# Firearms and Shooting > Shotgunning >  Low cost semis

## longrange308

Any one using a low cost semi? Say sub $800
Worth it or stick with pump?

Was checking out h&f ashburton and they had a few akkar branded ones that looked ok 
Any one have hands on experience?

----------


## matto1234

I am using a khan arms semi and seems to shoot as well as my mates beretta, just need to clean slightly more often.i was told Most of the turkish guns sold at h&f are virtually the same just re labeled eg stoger khan akkar. See how they shoulder and give it a go im happy with mine. Cheers

----------


## kotuku

assmiths city had an escort semi on special $599-not a bad wee machine either .

----------


## timattalon

I have a New Toz 87 at $799. Nice wooden stock, and probably a bit better than most of the Turkish stuff, but it is chambered in 2 3/4 and not choked for steel. Hence we still have these in stock. I realise you probably want to use it for wild fowl so if thats the case, then probably not what you want. 

Reloaders Supplies have the Baikal 155 semi autos in stock at $750 and these would be well better than the Turkish offerings. The 155 is the updated 153 which we used to sell. (Sold out and have not yet imported more.) And they do them in left hand too.....

Baikal MP155 12g Semi Auto Shotgun 3 1/2" - Semi Auto - Shotguns - Firearms - Reloaders Supplies Ltd

----------


## longrange308

Iv got a voucher for h&f so would normaly not be looking at shotguns
But sort of don't need anything from there

----------


## 300_BLK

My old semi was an EGE Shilah with a rusted in full choke and no bead, used it on rabbits for a 3 years (in central otago), never skipped a beat.

----------


## timattalon

> Iv got a voucher for h&f so would normaly not be looking at shotguns
> But sort of don't need anything from there


An $800 gift voucher??? Man, Somebody thought you must have been a good boy this year.......See if they can get you a Baikal in....Otherwise, look for a decent 2nd hand one from them rather than a turkey . (oops, Perhaps I mean a Turkish one....)

----------


## Shooter

Has H&F changed their conditions with vouchers?
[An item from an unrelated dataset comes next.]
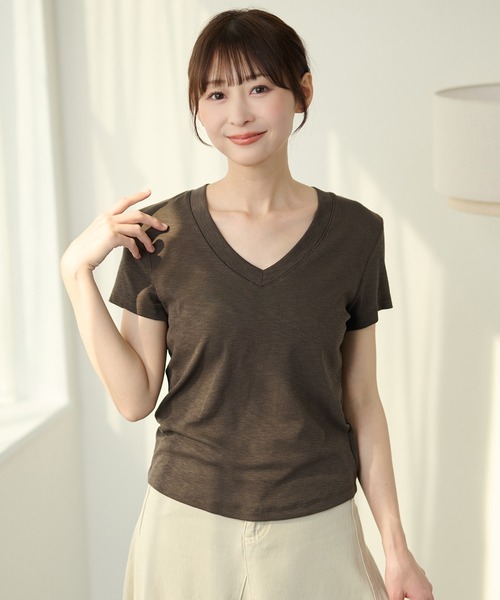 DAYRA（デイラ）の「Vネック 半袖 無地 コンパクト トップス（Tシャツ/カットソー・レディース・モカ/チャコールグレー/グレー/ピンク/ブラック/ホワイト・FREE）」の5枚目の写真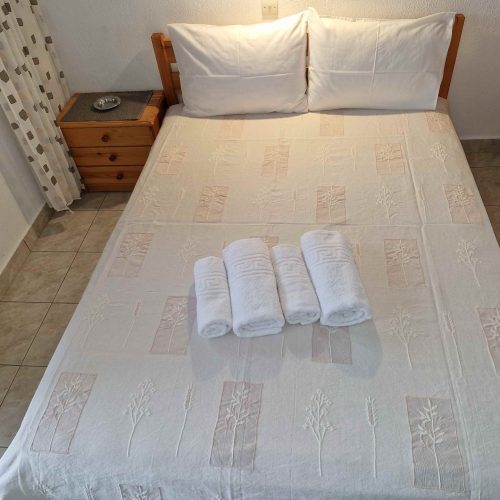 Triple room apartment With Double bed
The ones I have here say that they are not redeemable on ammo, firearms and licenses...

----------


## longrange308

Fuck just looked, there goes that idea

----------


## longrange308

> An $800 gift voucher??? Man, Somebody thought you must have been a good boy this year.......See if they can get you a Baikal in....Otherwise, look for a decent 2nd hand one from them rather than a turkey . (oops, Perhaps I mean a Turkish one....)


Was 1g  :Thumbsup:

----------


## Rushy

> Fuck just looked, there goes that idea


Talk to the shop owner.  They have been breaking that rule up here for me for years.

----------


## longrange308

> Talk to the shop owner.  They have been breaking that rule up here for me for years.


Will do on my next town run

----------


## NZShoota

> Has H&F changed their conditions with vouchers? The ones I have here say that they are not redeemable on ammo, firearms and licenses...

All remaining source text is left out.